The ad was about the Expedia mobile app.

Now, Expedia is smart, creative and overall brilliant when it comes to their vacation ad campaigns. But let’s be real… Expedia (and the others, too) are pre-vacation services. The actual act of going on Expedia is not technically part of the vacation… realistically, you’re still at work when you log onto Expedia to plan your trip. They understand that, I think… and strategically skip that part of the vacation process.

They’re looking at the larger picture… the 40,000-foot-view… that Charmander-to-Charizard shit. Expedia offers you a full vacation, essentially, and instead of showing you the process of setting your trip up, they jump to giving you a glimpse of it.

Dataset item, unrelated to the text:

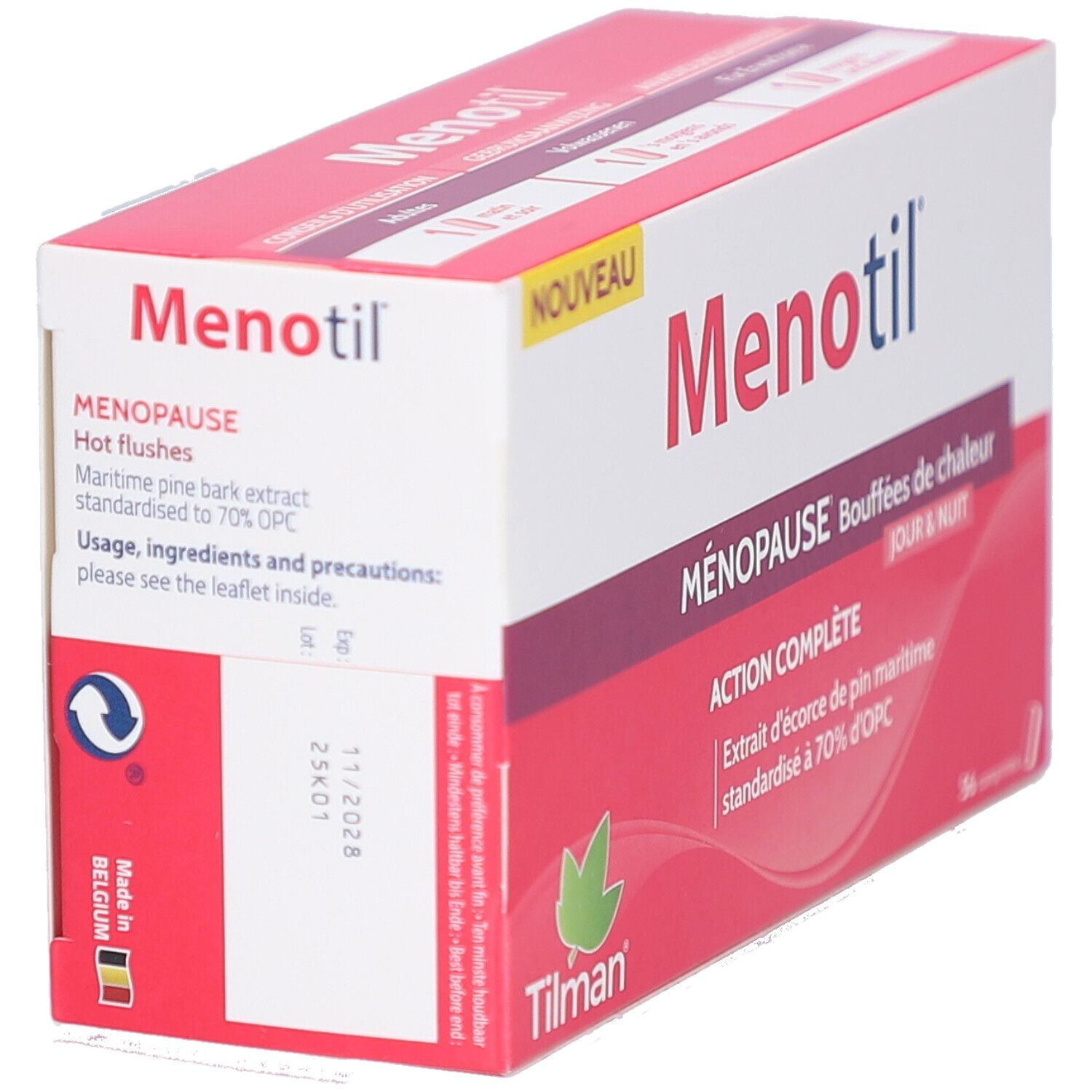 Doos Menotil, zijaanzicht. Opschrift: Menopauze, opvliegers. Bevat extract van zeedenschors. Merk Tilman.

I mentioned in my earlier post about tactics vs. strategy, and how we have to treat it like a story and not a product (the way a business would). Well, Expedia (a business) flipped the script and treated their brand like a story, and not a product. The story being “setting up your vacation is so easy, you won’t even have to think about that… just think about the vacation”. Don’t boggle your mind with the logistics… skip that and go to your fantasy,

Last October, they created a “controversial” ad campaign that revolved around a father taking a trip to see his daughter get married to another woman. Beautifully-shot and emotional… the commercial was more about the story than Expedia. The trip-planning process was pretty much an after-thought, and essentially just a mechanism for the father to get to his daughter’s wedding.

Expedia put the story at the fore-front and did what most brands aren’t willing to do… make their brand secondary to the user experience. Instead of revolving around the actual product, they made it about the external factors revolving around it.

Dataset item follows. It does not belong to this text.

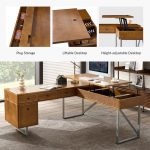 Alfons Acorn L-Shape Sit Stand Desk with Rattan Drawer 9 Alfons Acorn L-Shape Sit Stand Desk with Rattan Drawer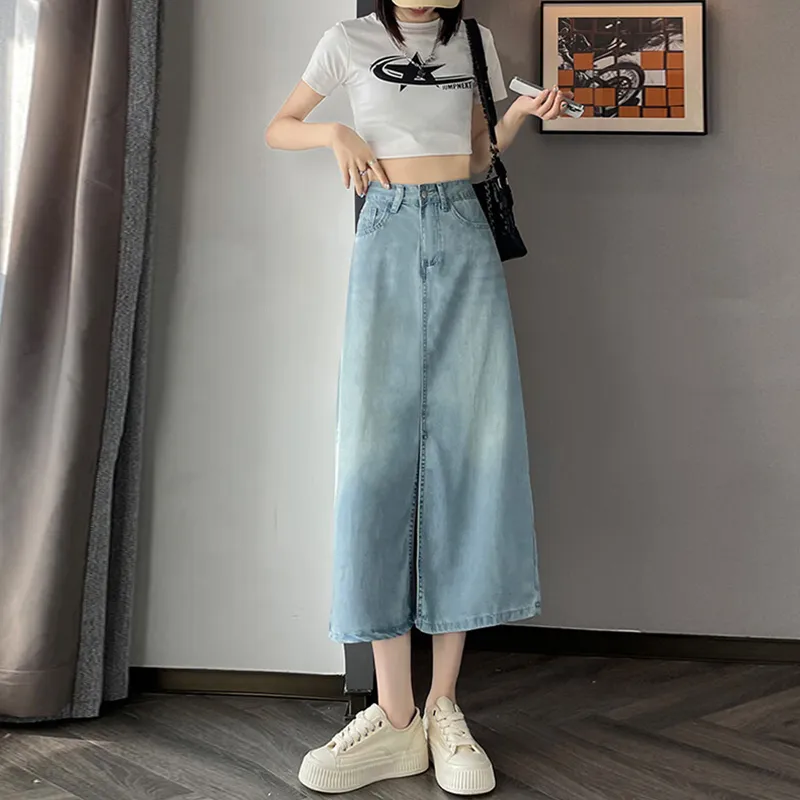 Jean West Denim Long Skirts Women's-2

So how does this apply to higher ed? Well today’s prospect is tomorrow’s donor. I read that somewhere… forgot where, but it can be taken two ways:
1) Today’s potential buyer will be tomorrow’s potential giver.
2) Today’s potential student will be tomorrow’s potential alum.

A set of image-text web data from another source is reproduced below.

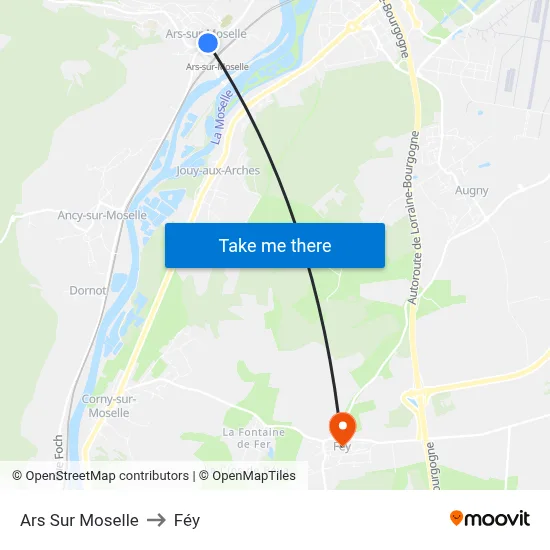 Ars Sur Moselle to Féy map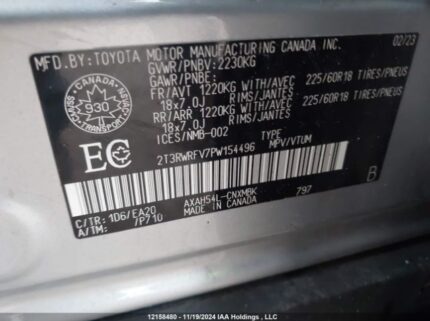 2T3RWRFV7PW154496 2023 TOYOTA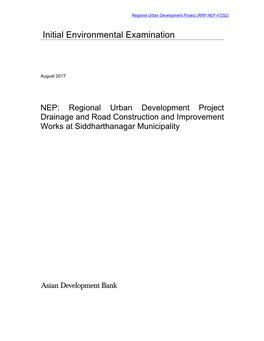 Initial Environmental Examination: Drainage and Road Construction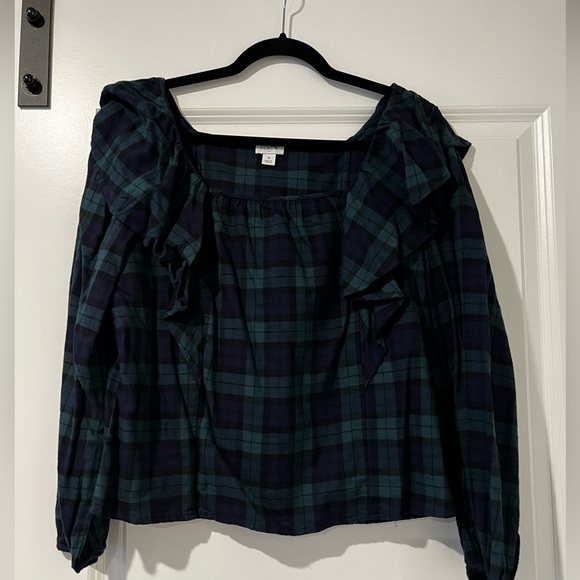 J.Crew Black Watch Plaid Ruffle Flannel Shirt - Picture 3 of 5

I’m obviously referring to the latter, and it’s in reference to how you view the future student as not only a potential applicant, but also an active student, successful graduate and finally: an active alumni/community member… someone who will take that trip to Homecoming (maybe using Expedia).

The philosophy is to tell the higher-ed story. Which is to show students going apeshit at the football game, or a post-grad alum running their own company. Giving glimpses of the story, and making the brand secondary when telling it.

It’s a risky strategy/philosphy, and not all higher-ups will be down for that. Understandably so, too, since logos and brands are part of the institution’s identity… and so much money is spent on marketing strategy to make the logo the forefront of the story. But, honestly, Expedia is a good reference and, I think, shows the possibility of reward from the risk… especially for a huge company like Expedia.